代わりにその辺の木の棒を拾って武器にしたのだが……まぁ、この辺はどうせ雑魚敵しかいないだろうからこれでも充分やろ。
それよりも命の方が惜しい。
「なんか、ジャージー? とかいう通気性の良い特殊な服を着ているらしいんだけど」
そこまでヒント与えられているのによく俺を無視できたなっ!
ひょっとしてこの子、アホな子なのか?
ちなみにその予言通り、いまの俺の格好をジャージだったりする。
さすがにこれを脱ぎ捨てていく勇気はないので、そのままにしておく。
「まっ、まぁこの平原も相当広いし、気長に探していればそのうち会えるだろ。んじゃ助けてくれてありがとな。俺も行くとこあるからこれで」
手短に別れを告げ、俺を狙う暗殺者から離れる。
さっさと地図を広げて、目的の村まで……。
「って、あれ? 地図がない!」
しまった、あの変態に襲われ逃げている最中にでも落としたのか!
「お困りみたいですね?」
「うわっ、リーチェ! さっき別れたはずじゃ……」
「私の勘がショウについて行った方が目的を達成できると囁いている気がしてついてきちゃった」
こいつ……実は予言なんかあてにしなくてもその勘を頼りにしていけばいいんじゃないのか?

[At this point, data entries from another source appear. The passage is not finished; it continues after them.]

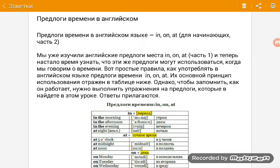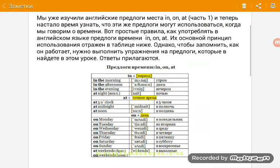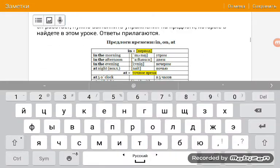Итак, предлоги времени в английском языке — это in, on, at. Самые основные для начинающих. Это у нас часть вторая. Почему часть вторая? Потому что мы уже проходили предлоги места в английском языке — тоже in, on, at. А сегодня будем проходить предлоги времени — те же самые предлоги in, on, at. Тема несложная, очень простая, главное внимательно слушать. Займет несколько минут. Давайте приступим.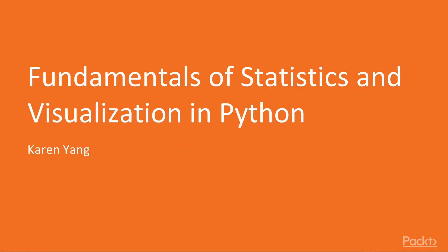Hello, everybody. Welcome to the course on Foundations of Statistics and Visualization in Python. My name is Karen Yang, and I will be teaching you this course.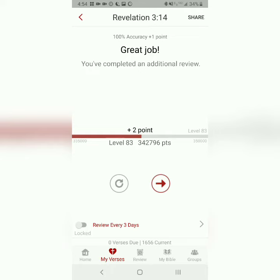Thank you for watching this tutorial video. This is Danny once again from catchforchrist.net. Have a great day. God bless.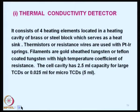We are going to discuss the thermal conductivity detector. It consists of 4 heating elements located in a heating cavity of a brass, glass, or steel block which serves as a heat sink. Thermistors or resistance wires are used with platinum-iridium springs, and filaments are gold-sheathed tungsten or Teflon-coated tungsten with a high temperature coefficient of resistance.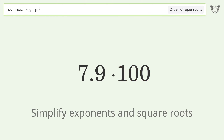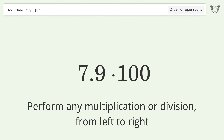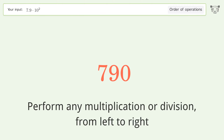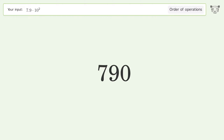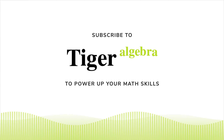First, simplify exponents and square roots: 10 to the power of 2 equals 100. Next, perform multiplication from left to right: 7.9 times 100 equals 790. And so the final result is 790.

「それで、それでショウはどこの村に行きたいの? この付近だったら私案内できるよ」
「いやいやいや、助けてもらった上に道案内まで、そんな迷惑はかけられない」
「んもぅ、遠慮しないの! 困ったときはお互い様なんだからね!」
いや、ほんともう俺に関わらないでください!
死にます、リアルな意味で俺が!
「そういうわけでレッツ・ラ・ゴー! 目指すはラズの村だね!」
「って、なんで俺が行こうとした村の名前知っているんだよ!」
「えっ、そうなの? いまのは気合を入れるためだけに近くの村の名前を挙げただけだけど……」
ま、マジかよ……ハメられた。
「それじゃあ、目的地もはっきりしたところで、改めてレッツ・ラ・ゴー!」
まじでついてくるつもりだ、この暗殺者。
『リーチェを仲間にしますか ▶【はい】 【イエス】』
強制イベントなら選択肢なんて用意するなぁ!
『そんなわけでリーチェが仲間に加わった』
こうして半強制的に俺を狙う暗殺者がパーティに加入してきたのだった。